Irgendwie penne ich auf dem Sofa ein. Dann klingelt es an der Tür.
Sind Krusty und Donald.
„Antwortest gar nicht,“ meint Krusty. In der Hand hat der nen Träger Bier.
„Wollten bei dir mitfahren und uns besaufen,“ fügt Donald an.
„Wird nichts.“
„Scheiße.“
„Ja, kommt rein. Habe ne Palette Karlsquell. Mir ist nach saufen.“
Und die beiden saufen mit mir.
Das spielt geht los.
„Wer geil, wenn wir Weltmeister werden würden.“
„Mit der Mannschaft?“
„Wir haben Kahn.“
Und der ist dann ganz unglücklich. Eigentor. Und wir liegen hinten.
„Gebrauchter Tag,“ meine ich.
Aber das Blatt wendet sich. Die holen auf. Die führen jetzt sogar 5 zu 1 und wir sind besoffen. Wir liegen uns in den Arm.
„Wir werden Weltmeister,“ prophezeien wir.
Krusty schaut auf sein Handy. Der hat ne SMS bekommen.

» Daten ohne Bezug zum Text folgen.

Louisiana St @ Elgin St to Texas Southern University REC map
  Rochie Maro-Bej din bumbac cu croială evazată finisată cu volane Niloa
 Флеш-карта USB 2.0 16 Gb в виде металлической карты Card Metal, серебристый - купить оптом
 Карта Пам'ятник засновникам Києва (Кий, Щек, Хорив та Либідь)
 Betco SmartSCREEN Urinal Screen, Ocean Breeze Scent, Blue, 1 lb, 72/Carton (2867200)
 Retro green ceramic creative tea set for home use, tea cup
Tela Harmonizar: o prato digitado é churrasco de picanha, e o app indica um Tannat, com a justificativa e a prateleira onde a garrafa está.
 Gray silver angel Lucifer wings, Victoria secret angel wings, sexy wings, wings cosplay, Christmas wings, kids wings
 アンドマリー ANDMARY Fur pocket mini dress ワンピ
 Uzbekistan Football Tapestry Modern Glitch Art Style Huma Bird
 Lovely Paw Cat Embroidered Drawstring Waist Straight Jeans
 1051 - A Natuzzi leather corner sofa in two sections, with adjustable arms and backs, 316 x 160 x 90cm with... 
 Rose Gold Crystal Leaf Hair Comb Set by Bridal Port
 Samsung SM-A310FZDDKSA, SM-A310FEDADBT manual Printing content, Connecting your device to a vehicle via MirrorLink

„Lukas schreibt. Die haben Flamme gefunden.“
„Und wo ist der abgeblieben? War ja nen Monat weg.“
„Die haben den aus dem Allersee gezogen.“
„Wollte der Schwimmen? Wieder drauf, was? Der braucht mal was von uns aufs Maul.“
„Dafür ist es zu spät. Der ist tot. Der hat sich tot gespritzt.“
2003
„Der hat es wieder nicht geschafft,“ meint Krusty am Handy.
„Dann steht uns ja ein toller Abend bevor,“ stelle ich fest.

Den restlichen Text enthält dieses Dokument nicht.